Powell Was Always in Contention

He not only "coulda been a contendah," he was. No. 4 in the Ring magazine rankings and, at one time, next in line for a shot at the heavyweight title.

Ted Williams, no less, once upbraided him and told him that he could have been a great major league hitter if he only had the patience and learned to lay off ball fours.

He was a two-way football player for the San Francisco 49ers, an all-pro end and he once sacked the great Bobby Layne for minus 67 yards in a title game.

He ran the 100-yard dash in 9.9 seconds, he put the shot in high school 57 feet 9 1/4 inches for a record that stood for 48 years before being broken by an inch. He anchored the relay team and played basketball at an all-conference level but there was no money in that game in the '40s, so he dropped it.

And Charlie Powell looked the part. Wide shoulders, no waist to speak of, powerful tapering body, he looked sculpted, not born. If Michelangelo made a prizefighter, this would be it.

When the conversation veers around to all-around athletes, it gets to Charlie Powell in a hurry. There's Jim Thorpe, Jackie Robinson, and, well, how about Charlie Powell?

He was the youngest player in NFL history, age 19. He went directly from high school to the 49ers.

"When I joined the 49ers," he was recalling the other day, "I was scared. They had Leo Nomellini, Bob St. Clair, who used to eat raw meat, and Joe "the Jet" Perry and Hugh McElhenny and all those greats. When they came into camp, I thought they'd eat me, but when I went up against Leo the Lion, a few times I thought 'Hey! I can handle this!' "
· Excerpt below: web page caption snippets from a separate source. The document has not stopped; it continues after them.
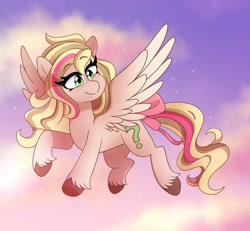 Size: 2964x2736 | Tagged: safe, artist:emera33, oc, oc only, pegasus, pony, cloud, flying, happy, high res, smiling, solo, spread wings, unshorn fetlocks, wings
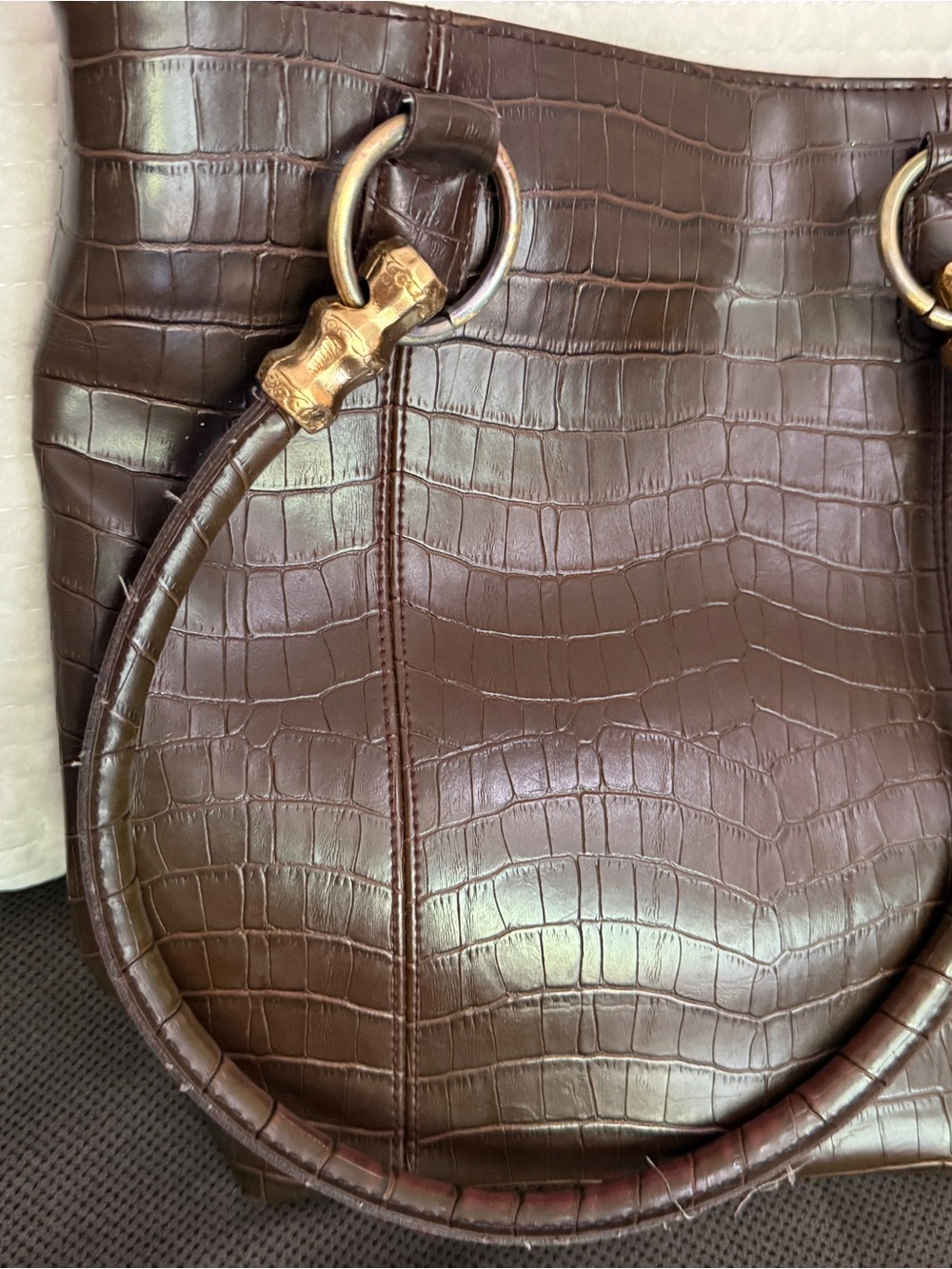 Bueno Brown Croc-Embossed Leather Tote Bag with Gold Hardware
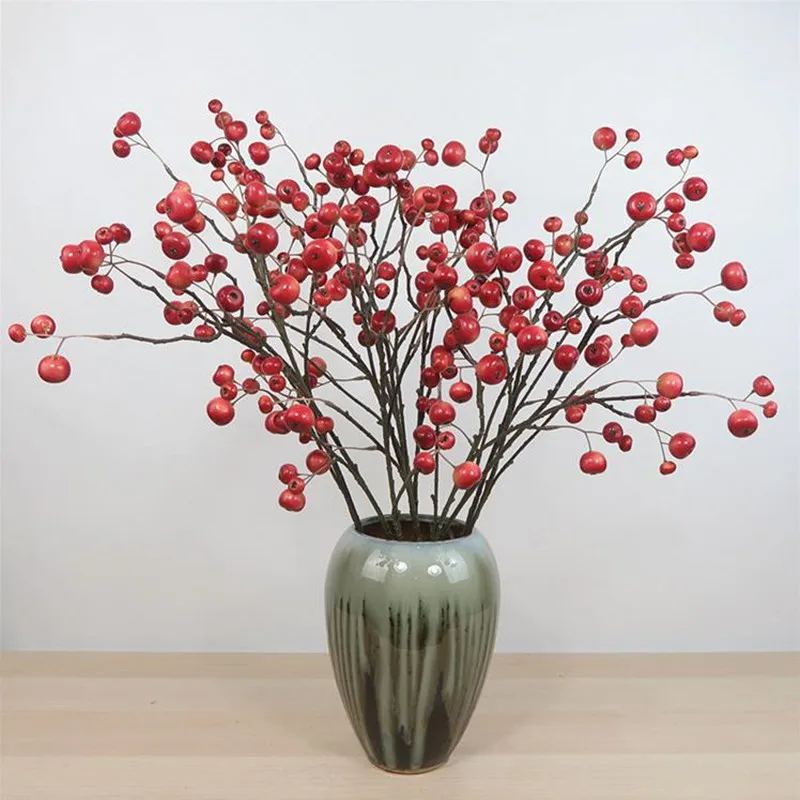 7Pcs Fake Long Stem Cherry Fruit 33.86" Length Simulation Red Apple for Wedding Home Decorative Artificial Plants | Дом и сад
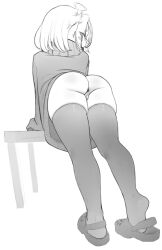 ahoge anus arm_support ass blush_stickers crocs female greyscale highres itsukarine leaning_forward looking_at_viewer looking_back monochrome original pointy_ears pussy short_hair simple_background solo standing sweatdrop table thighhighs white_background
And, so he could. There is the famous story of the Dodgers' vice president, Fresco Thompson, interviewing a prospect one day and the young athlete didn't know whether he should opt for baseball or pro football. Fresco didn't hesitate. "What do you want, kid--a career or a limp?" he sneered.

Well, in Charlie's case, the options were stretched. To include prizefighting. Fresco might have been moved to ask "What do you want, kid--a career or a coffin?"
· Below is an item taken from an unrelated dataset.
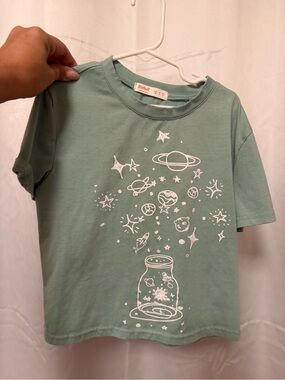 ROMWE Mint Green Short Sleeve Tee with White Space Jar Graphic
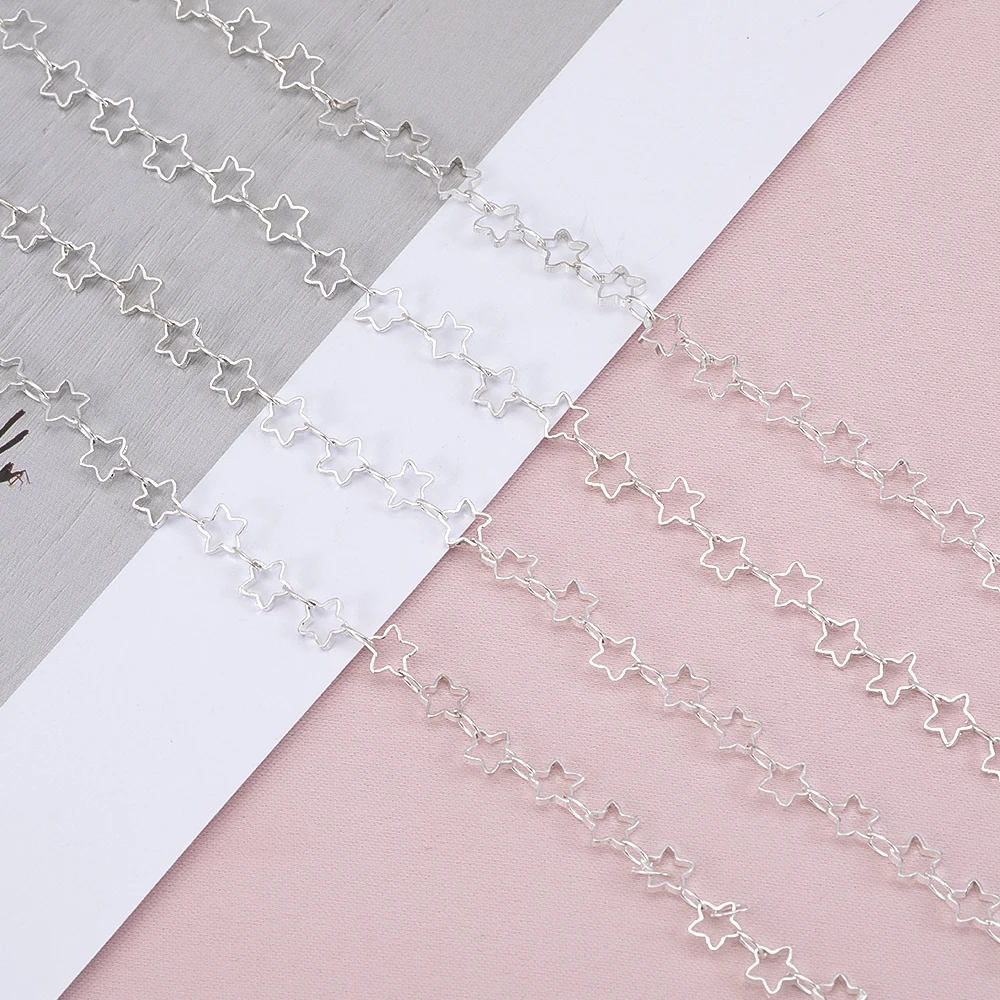 1Meter 5mm Hollow Out Star Copper Chains DIY For Necklace Earrings Bracelet Jewelry Making DIY Components Accessories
The trouble was, in those days, television had not yet put in the coaxial cable and its idea of entertainment was "The Ed Sullivan Show." Super Bowls hadn't been invented. Charlie Powell got $12,000 for starring with the 49ers. A year, not every play.

He never went to college, even though he had 45 scholarship offers from institutions as diverse as Notre Dame and San Diego State. He signed instead with the old St. Louis Browns baseball team (now the Baltimore Orioles) for the (then) princely sum of $5,500.

He hit the most massive home runs ever seen in the minor leagues--at least since Luke Easter--and he hit one in Stockton one day that residents think ended up in Sacramento.

But while he hit them far enough, he didn't hit them often enough. The pitchers took advantage of his impatience. "I see Ted Williams now and again," he grins. "He still gets after me. "

Williams never hit a non-strike in his life. Charlie never hit any other kind.

If you can imagine a guy getting ready for a career in pro football by spending his nights in the ring--or, if you can picture a guy getting ready for nights in the ring playing the Chicago Bears in the afternoon, you have a fix on Charlie's life.

He took on the Cuban giant, Nino Valdes, at a time when nobody in the game wanted any part of him, including the then champion, Floyd Patterson. Charlie knocked him out of the ring.

But he had less luck when he fought Muhammad Ali (he was Cassius Clay at the time) in '63 and Floyd Patterson in '64. They both knocked him out. Patterson was ex-champ by then, Ali was to become champion the following year.

Charlie needed two careers. He shakes his head when he contemplates the salaries commanded by today's athletes. "What bothers me is, they can't take care of themselves," he frowns. "They throw it all away.

"My father told me nobody makes you do anything. You cause your own trouble. I didn't get in no trouble. Hell, I was too busy!"

Charlie, married for 43 years, is working for the NFL alumni group these days.

They didn't make the game he couldn't play. "Shoot, I played against Jim Brown, Marion Motley. Now, there was a fellow you tackled with caution! In the ring, I fought the best. "

Charlie has no ringing in the head, no cauliflower in the ears. He doesn't even have the limp. He does have one regret. Missed a tackle? Dropped a pass? No. "I was two fights away from a fight with Rocky Marciano for the title. And I lost to Charley Norkus."

It's not that he coulda been a contendah. He coulda been champeen.

As for all-around, just remember Jim Thorpe and Jackie Robinson never had to tee it up with heavyweight champions of the world. And Michael Jordan couldn't hit the curveball, either.